Current operational status and issues.

  • Long standing Database Disk array problem: Following the discovery of the noise on the current supplied by the UPS we are awaiting a test of the UPS bypass. Such a test has been scheduled twice in the last week but had to be cancelled each time. We are currently looking to do this on the 7th December (to be confirmed). This test is important to confirm the UPS (or rather the mismatch between it and the load) is the cause of the noise. In parallel work is ongoing to prepare a solution.
  • Problem on the Atlas Castor instance during the evening of Monday 23rd and morning of Tuesday 24th November. This was caused by high load on the Atlas SRM database leading to inefficiencies. This has been alleviated by a minor reconfiguration of the SRM along with moving the Oracle processes to another node in the RAC with more memory. The number of Atlas FTS channels from CERN to RAL were also reduced to prevent a recurrence. The number of FTS channels has not yet been restored to its previous value. The situation is being monitored, including checking the effect on any backlog of file transfers as LHC data arrives.
  • There is a problem within Castor Disk-to-Disk copies for LHCb from the LHCbUser Service Class. This is under investigation.
  • A mismatch between tape contents and Castor meta-data is being investigated. This dates from 2007 and has been found for CMS data. So far investigations have not found other evidence of this problem. It is still believed to affect only a small number of files.

Advanced warning:

  • Monday 7th December. At Risk for test of UPS bypass. (To be confirmed.)
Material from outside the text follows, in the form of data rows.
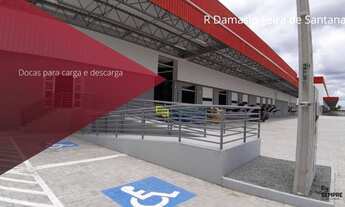 Imagem 5: Galpão para alugar em Feira de Santana/BA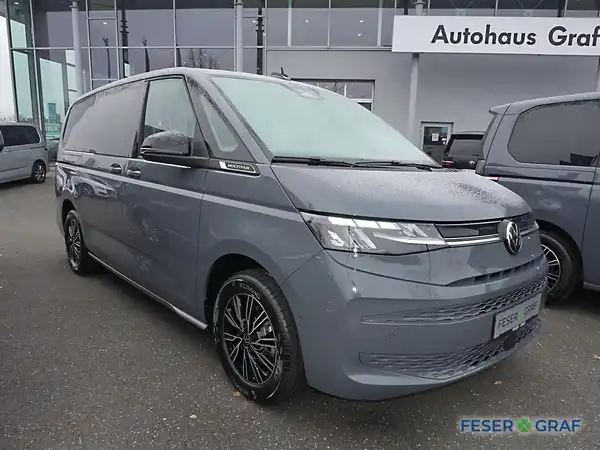 VW DER MULTIVAN (2/12)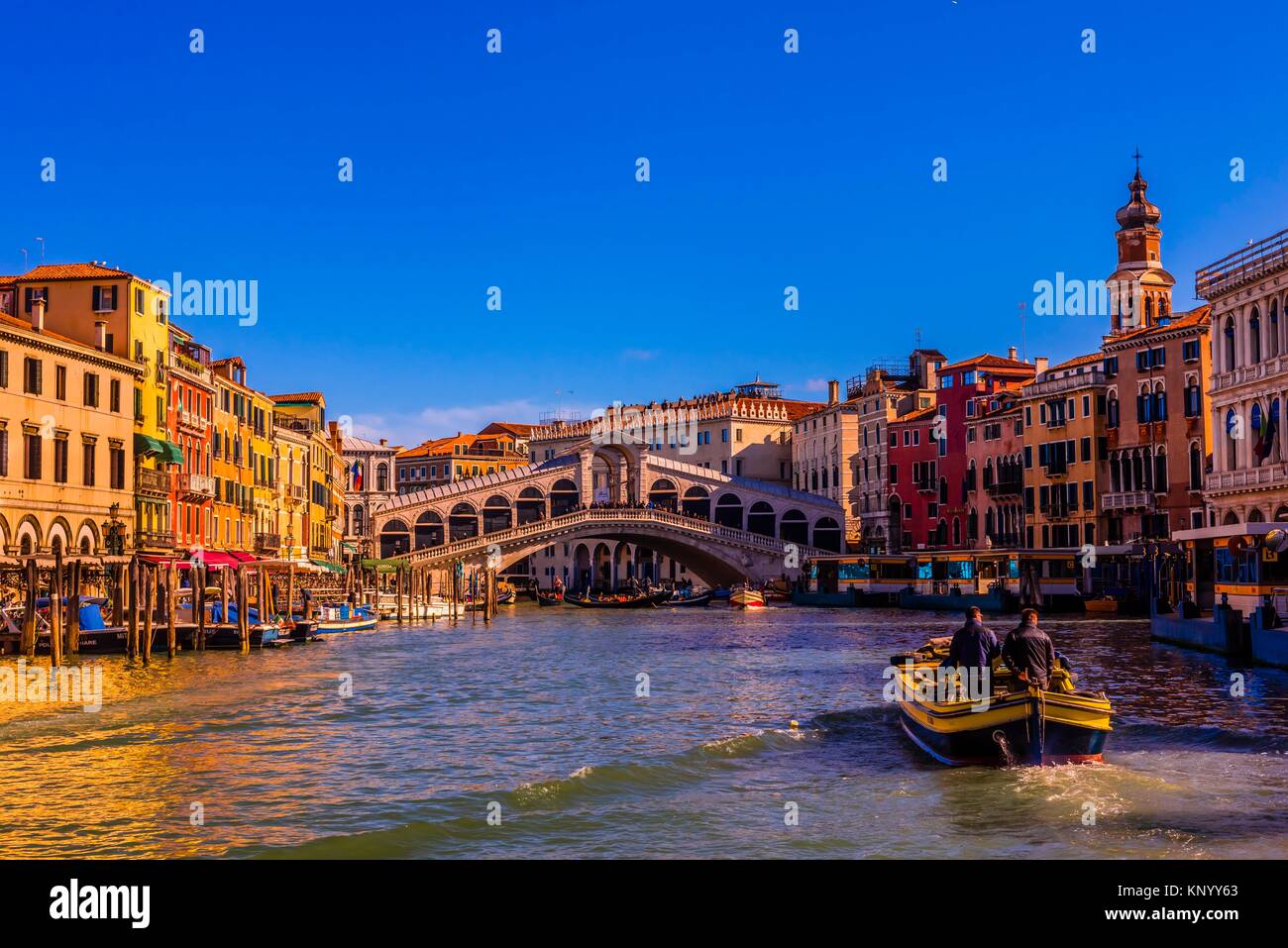 Man Bridge Water High Resolution Stock Photography and Images - Alamy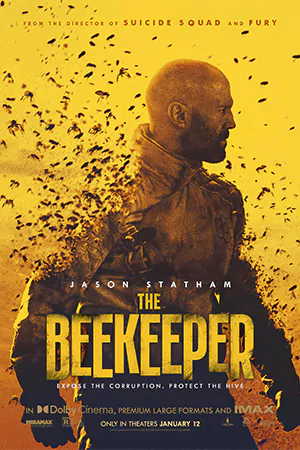 The Beekeepe1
Table showing entries in GOC DB starting between 18th and 25th November.

Service Scheduled? Outage/At Risk Start End Duration Reason
srm-atlas UNSCHEDULED AT_RISK 20/11/2009 10:00 20/11/2009 10:30 30 minutes Short At Risk for minor re-configuration of LSF scheduler used within the Atlas Castor instance.
All site UNSCHEDULED AT_RISK 19/11/2009 10:00 19/11/2009 11:00 1 hour At Risk for test bypass of Uninterruptible Power Supply extended owing to delay in making test.
All site SCHEDULED AT_RISK 19/11/2009 08:30 19/11/2009 10:00 1 hour and 30 minutes At Risk during test bypass of Uninterruptible Power Supply.